The right to express ourselves, the ability to choose how to live our own lives and to define our own destinies are some of the basic freedoms we have as EU citizens. We should all be able to benefit from a free press, without censorship, an independent justice system and a government that protects its own citizens. Today, many of us reap the benefits of EU citizenship, something that previous generations fought so hard for. Unfortunately, recent developments in certain Member States have proven that these rights should never be taken for granted.
Recent developments in Poland and Hungary are particularly worrying. The Governments of these countries have over the past years taken on a more authoritarian direction. The Governments of Poland and Hungary have carried out systematic offences on freedom, democracy, the rule of law and civil liberties. Stronger rules on abortion, anti-Semitic statements, restrictions on the freedom of press and public service in addition to violations on the independence of judicial systems are only a few examples of how these countries have gone in the wrong direction.

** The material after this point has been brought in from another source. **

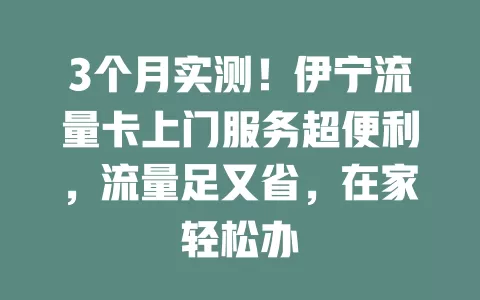 3个月实测！伊宁流量卡上门服务超便利，流量足又省，在家轻松办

As a response, the European Commission decided to invoke Article 7 of the Lisbon Treaty against the Polish Government, which in the long run could mean that Poland could lose its right to vote. I fully support the decision taken by the European Commission and have for a long time insisted that the same action should be taken against the Hungarian Government.

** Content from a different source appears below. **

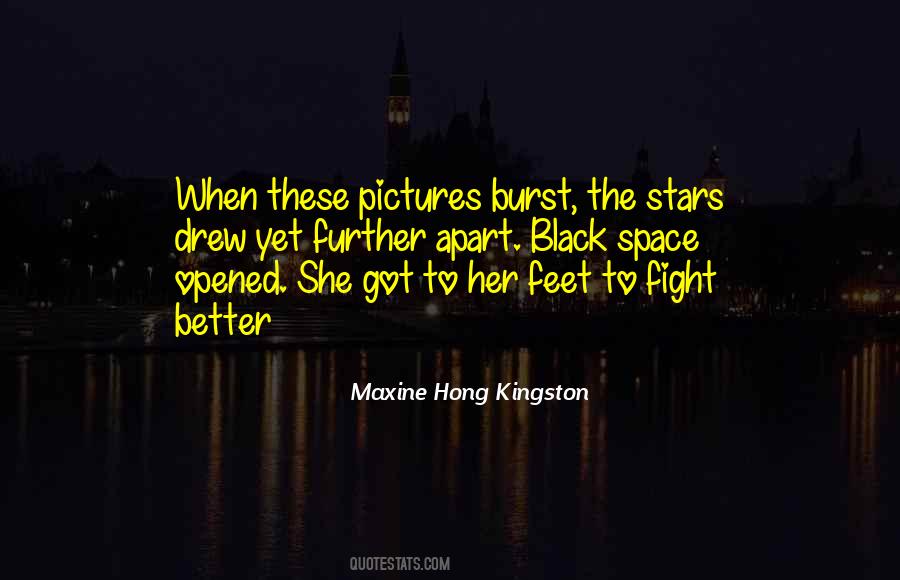 Maxine Hong Kingston Quotes #1209158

In order to ensure that the situation does not escalate as quickly as it has already done in Poland and Hungary, the EU should introduce a rights mechanism that should systematically monitor whether EU Member States are fulfilling the obligations that they signed up to when they joined the Union. The European Commission should publish annual reports of how well the Member States are respecting the fundamental values of the Union. It should be made possible to impose sanctions on those Member States that are not living up to the set standards, such as freezing payments of EU funds. It should also be possible to take a country to the European Court of Justice if it violates Article 2 on fundamental values in the Treaties.

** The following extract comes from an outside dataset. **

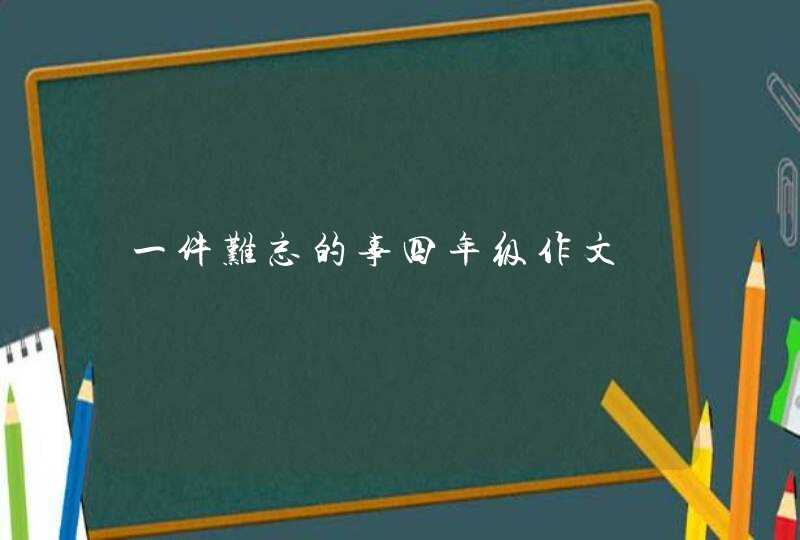 一件难忘的事四年级作文,第1张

The Freedom and democracy that we often tend to take for granted as European citizens is unfortunately not guaranteed everywhere in our Union. We can no longer stand by and watch as authoritarian regimes systematically violate citizens’ rights.
It is time that we remind ourselves of the fundamental values that lay the ground for our open, free and democratic society. Only through responsible politics and cooperation can we take on future challenges and create a better society for all. That is why I am working hard to pursue a safer, more open and democratic Union where we work together to solve our common problems.